• _Directions_
Beginning with the line that contains "Used 2020 Lexus", write out each remaining line of the records below exactly. Do not copy any picture.

[Stored items from a collection]
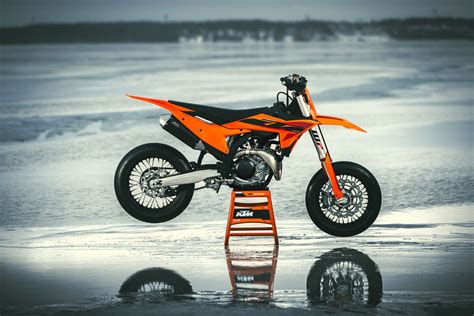 Motorrad Vergleich KTM 450 SX F 2023 Vs KTM 450 SMR 2025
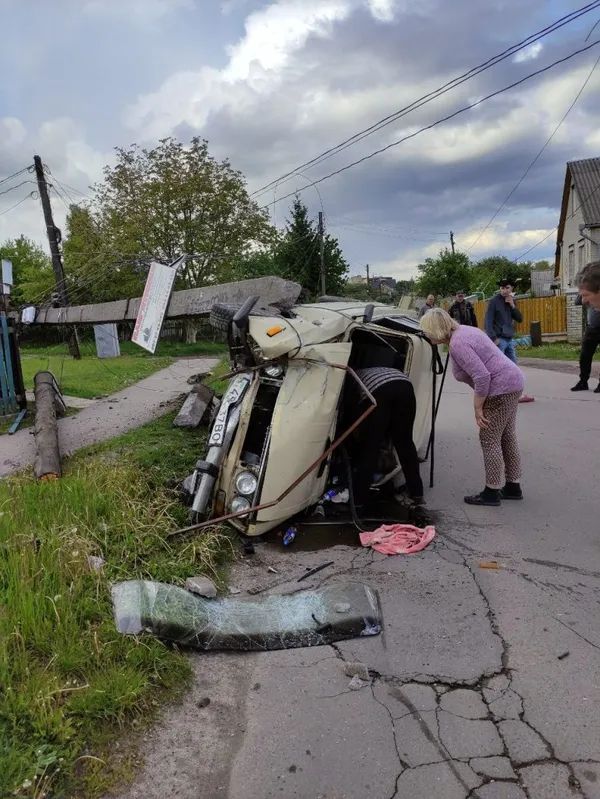 Автівка – вщент, вулиця – без світла: на Волині ВАЗ зніс електроопору (фото, відео)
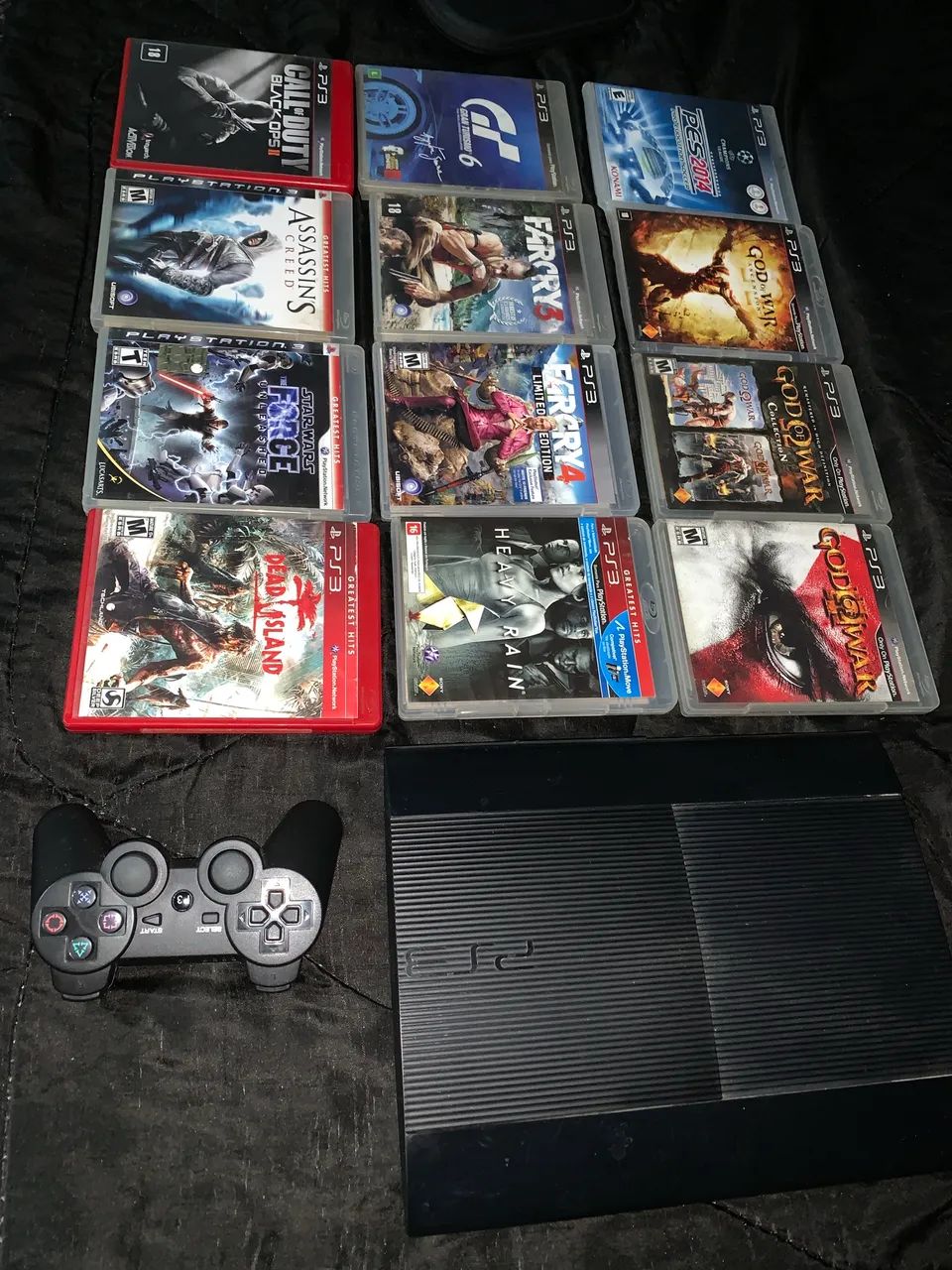 VENDO PS3 completo com jogos! 650$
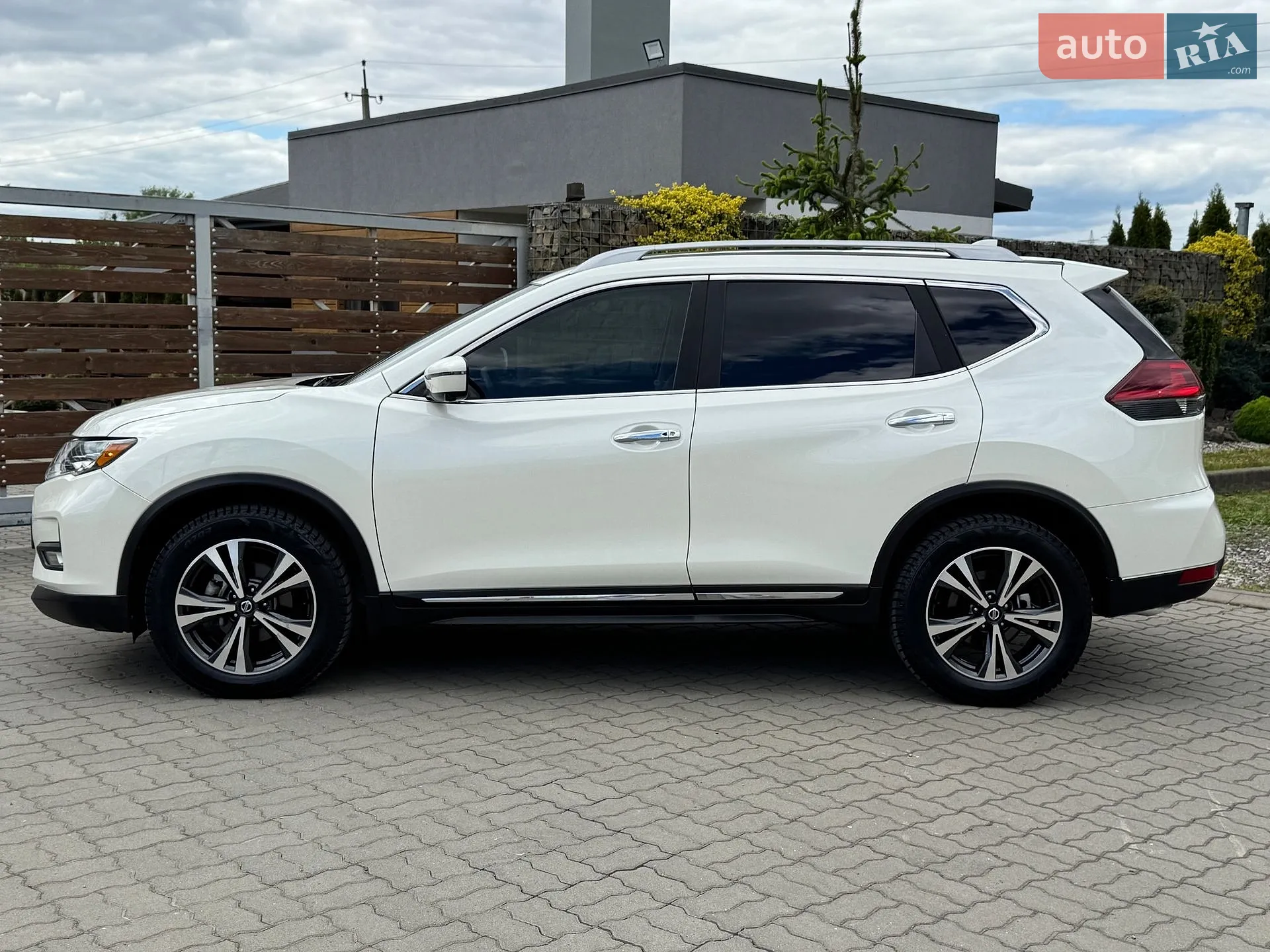 2017 Nissan Rogue - мініатюра 36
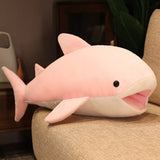 Peluche Requin Mignon rose sur canapé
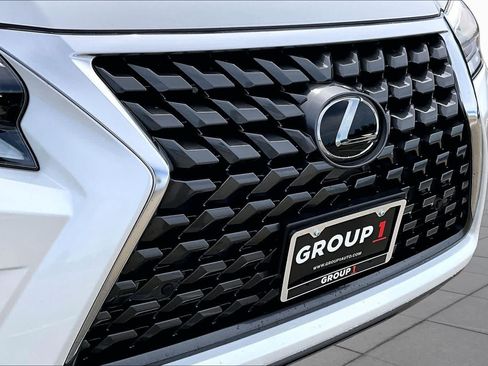 Used 2020 Lexus GX 460 Luxury w/ Accessory Package AWD/4WD image 30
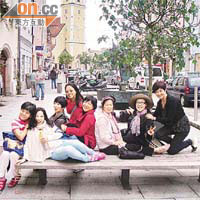 蔣麗芸（左五）與媽咪（右二）、劉玉蓮（左四）與媽咪（右三）同一班好友遊德國小鎮期間合照。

• _Written answer_
 Used 2020 Lexus GX 460 Luxury w/ Accessory Package AWD/4WD image 30
 蔣麗芸（左五）與媽咪（右二）、劉玉蓮（左四）與媽咪（右三）同一班好友遊德國小鎮期間合照。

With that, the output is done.